Radiative heat transfer of nanomaterial on a convectively heated circular tube with activation energy and nanoparticle aggregation kinematic effects

Abstract

The improvement of the thermal conductivity of the nanoliquid due to the inclusion of a certain amount of nanoparticles is well known. However, the cause of the observed abnormal improvement remains unclear. For this reason, the aggregation kinematics of nanoparticles is significant for evaluating the appropriate thermal effect of particles at the nanoscale. The scope of nanomaterials can be seen in various engineering and industrial fields such as nuclear reactor coolants, heat exchangers, aircraft coolants, microreactor coolants, automobile radiators, solar collectors, etc.
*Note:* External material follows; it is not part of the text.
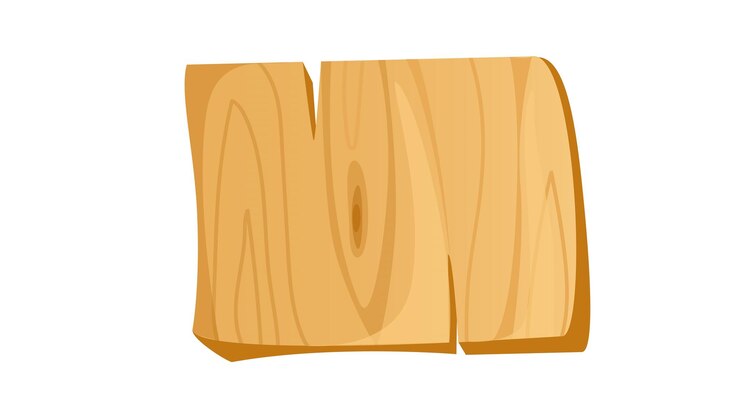 Vektor konzept holz und zimmerei das holzbrett in dieser abbildung ist in einem realistischen stil dargestellt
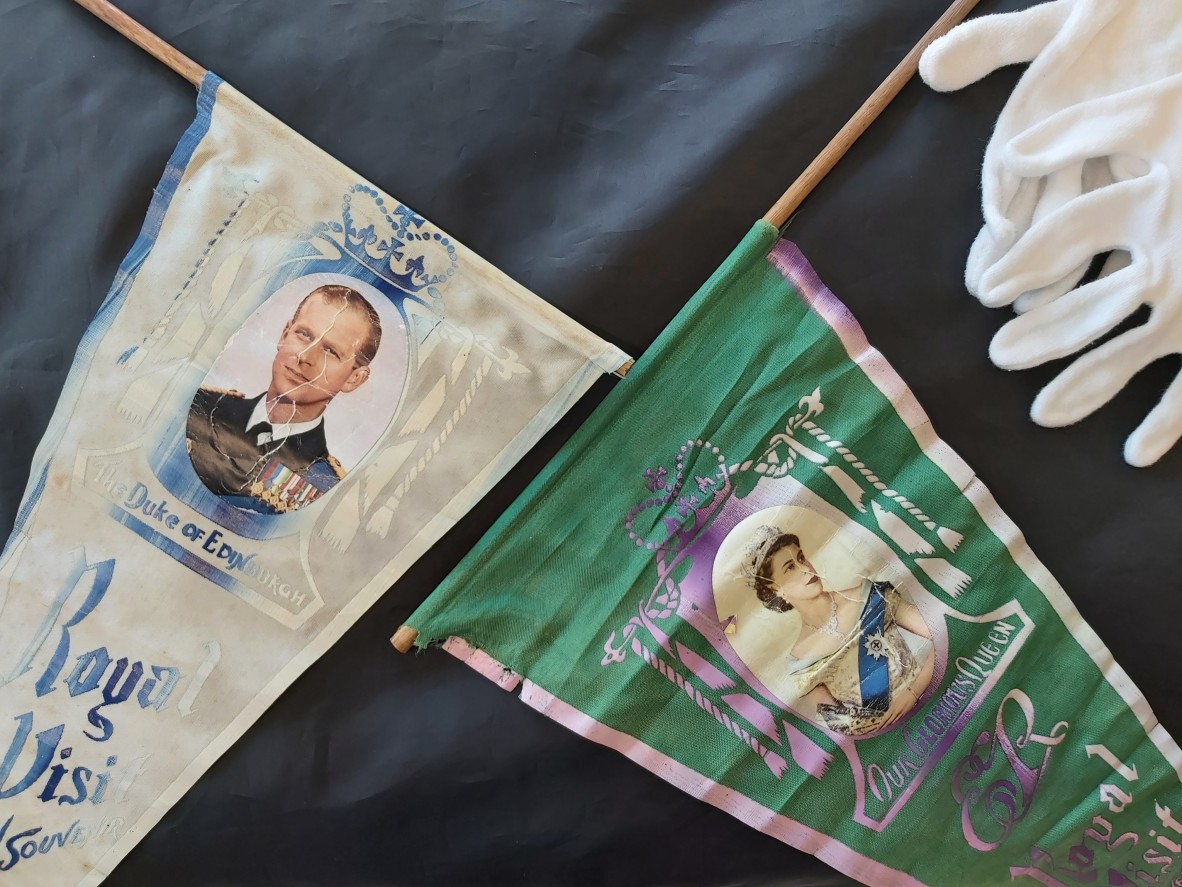 Pennants featuring Her Majesty Queen Elizabeth II and His Royal Highness Prince Philip were  created as souvenirs of the 1954 royal visit to Fitzroy Shire and Rockhampton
Therefore, this study investigates the effects of the aggregation of nanoparticles on radiative nanoliquid flow with activation energy over a horizontal tube subjected to the convective thermal boundary conditions. Experimentally verified correlations of multiwall carbon nanotube aggregation are utilized. The response surface methodology (RSM) is used to determine the optimum levels of the physical parameters to maximize the mass transfer rate of the nanoliquid. The magnitude of the volume fraction and velocity are superior in the absence of aggregation kinematics than in the presence of nanoparticles aggregation mechanism. From the RSM analysis, the maximum Sherwood number obtained is 1.1384 with desirability d = 0.9993. The present results may have applications in nanoliquid-dependent structures, heating/cooling processes, and thermal systems.